[TASK REQUIREMENTS]: Take the lines from the one with "Arts & Crafts Dining Chair Pair" through the last line of the material below and write them out exactly, without any pictures.

[DATASET RECORDS]:
+--

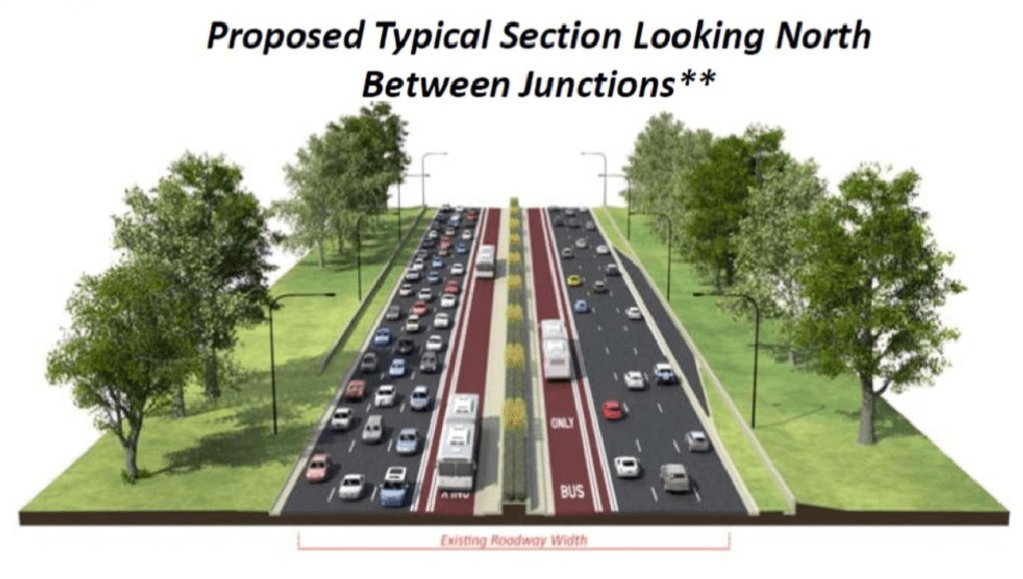 Advocate For Adding Bus Lanes to North Lake Shore Drive Without Widening the Highway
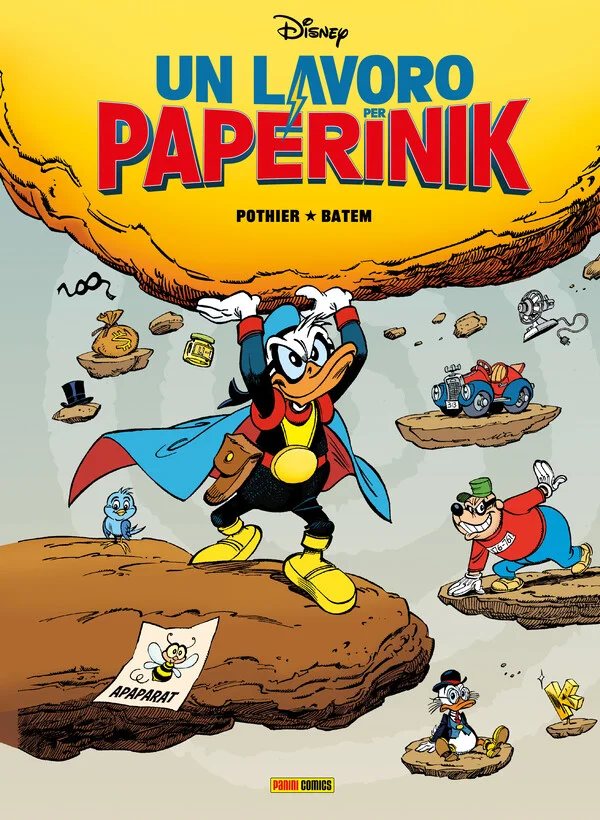 Un lavoro per Paperinik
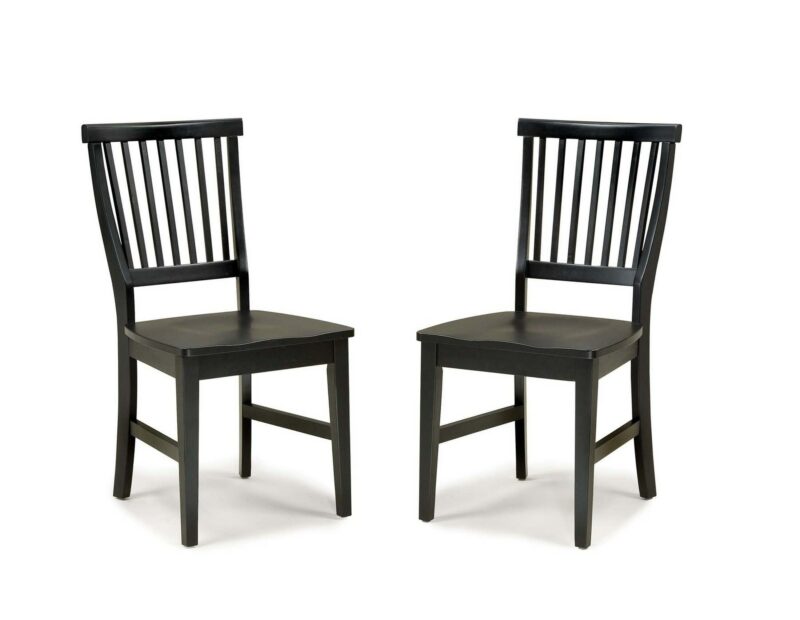 Arts & Crafts Dining Chair Pair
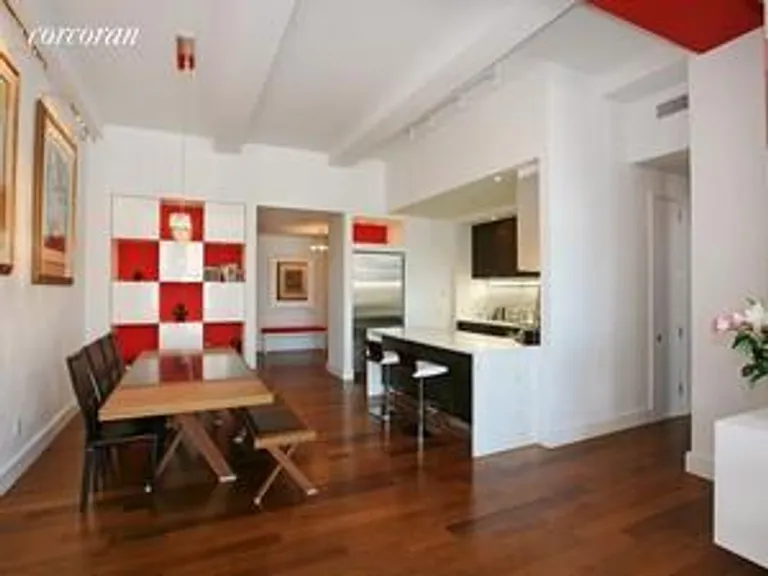 New York City Real Estate | View 15 East 26th Street, 19D | Dining Room | View 3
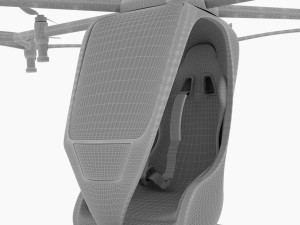 airlift hexa 3D Модель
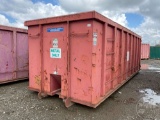 40 CY RECTANGLE ROLL-OFF CONTAINER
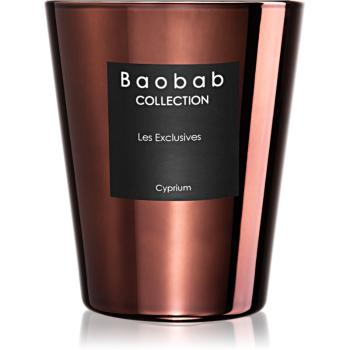 Baobab Les Exclusives  Cyprium lumânare parfumată 6.5 cm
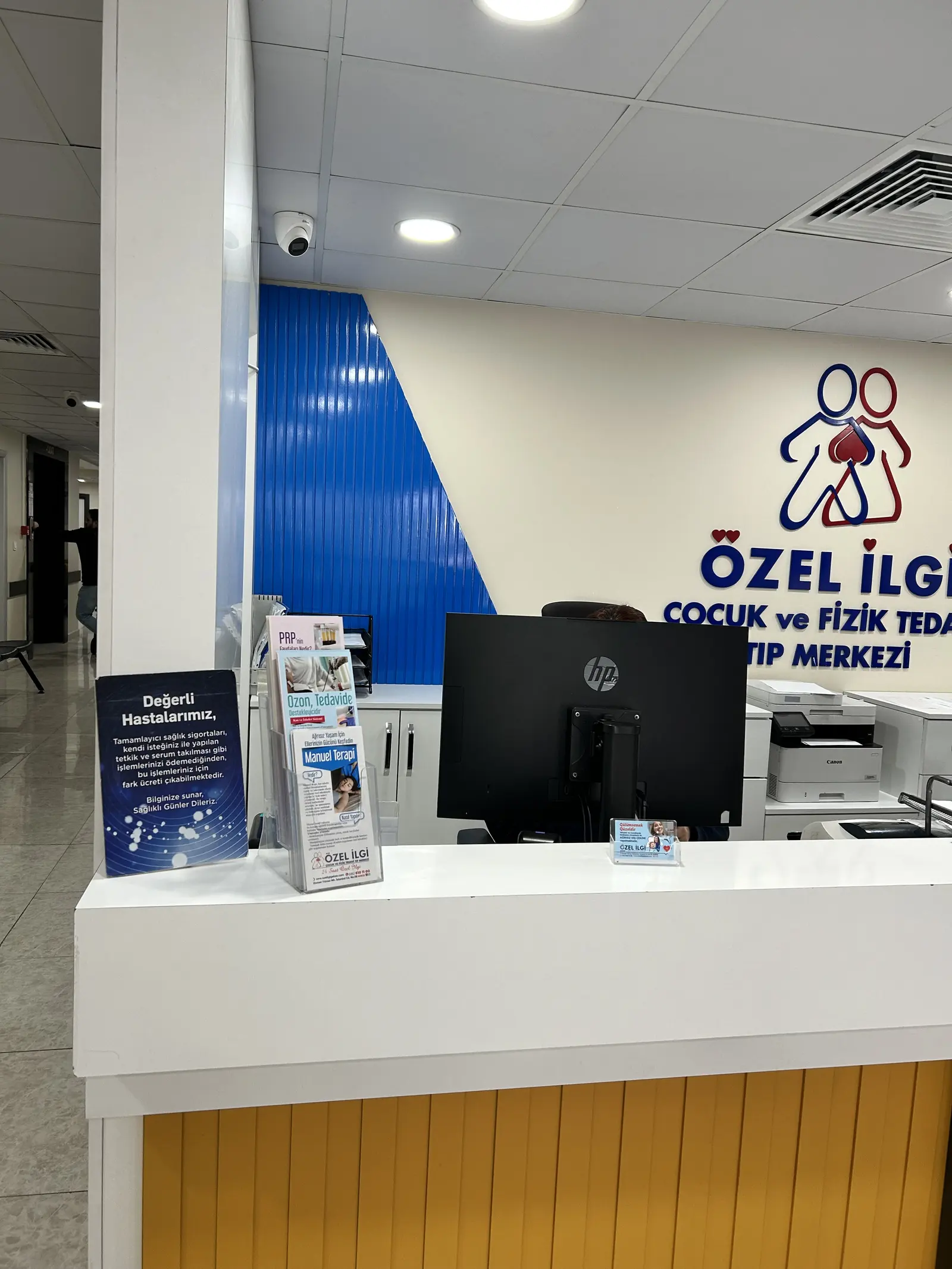 Özel İlgi Çocuk ve Fizik Tedavi Tıp Merkezi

+--

[ANSWER SECTION]:
 Arts & Crafts Dining Chair Pair
 New York City Real Estate | View 15 East 26th Street, 19D | Dining Room | View 3
 airlift hexa 3D Модель
 40 CY RECTANGLE ROLL-OFF CONTAINER
 Baobab Les Exclusives  Cyprium lumânare parfumată 6.5 cm
 Özel İlgi Çocuk ve Fizik Tedavi Tıp Merkezi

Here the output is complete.